INFORMATION SUPPLIED:
#####
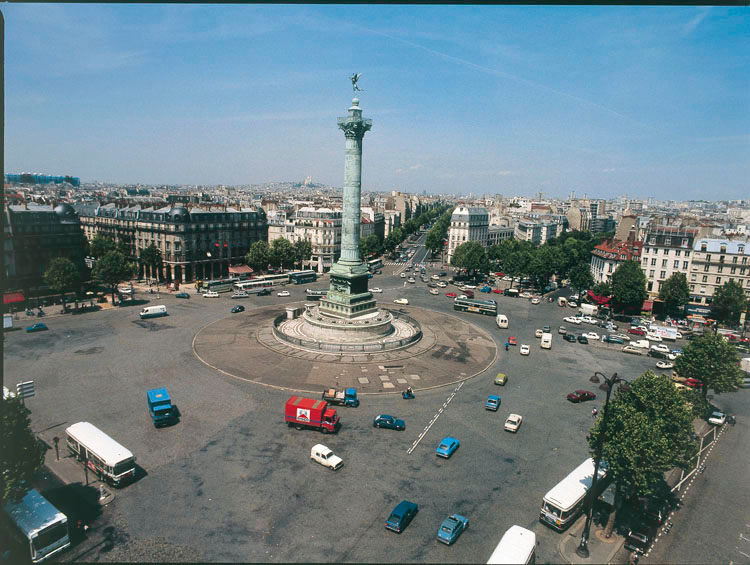 La place de la Bastille depuis le boulevard de la Bastille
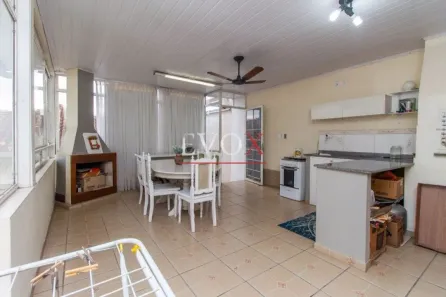Casa com 3 Quartos à venda, 131m² no Vila Ipiranga, Porto Alegre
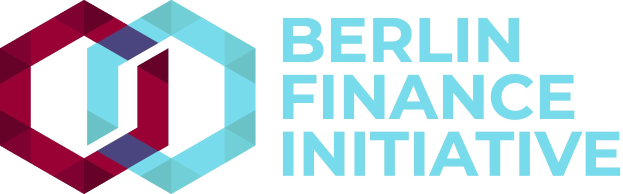 Logo der Berlin Finance Initiative: Ein blauer Kreis mit weißer Umrandung und einem weißen "B" in der Mitte, umgeben von einem weißen Ring mit blau-weißem Karomuster auf einem weißen Hintergrund mit der schwarzen, fetten Schrift "Berlin Finance Initiative".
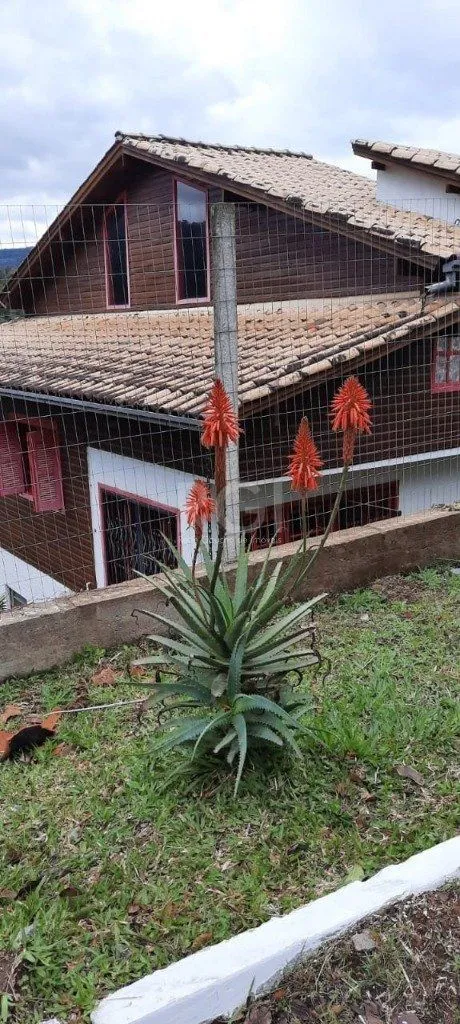 Imagem Casa para Venda - 160m², 2 dormitórios, 3 vagas - Colinas Verdes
#####
REQUIRED WORK: The lines running from the one with "Casa com 3 Quartos" to the close of the material above are to be retyped exactly; no picture is to be included.

SOLUTION TO THIS PROBLEM:
Casa com 3 Quartos à venda, 131m² no Vila Ipiranga, Porto Alegre
 Logo der Berlin Finance Initiative: Ein blauer Kreis mit weißer Umrandung und einem weißen "B" in der Mitte, umgeben von einem weißen Ring mit blau-weißem Karomuster auf einem weißen Hintergrund mit der schwarzen, fetten Schrift "Berlin Finance Initiative".
 Imagem Casa para Venda - 160m², 2 dormitórios, 3 vagas - Colinas Verdes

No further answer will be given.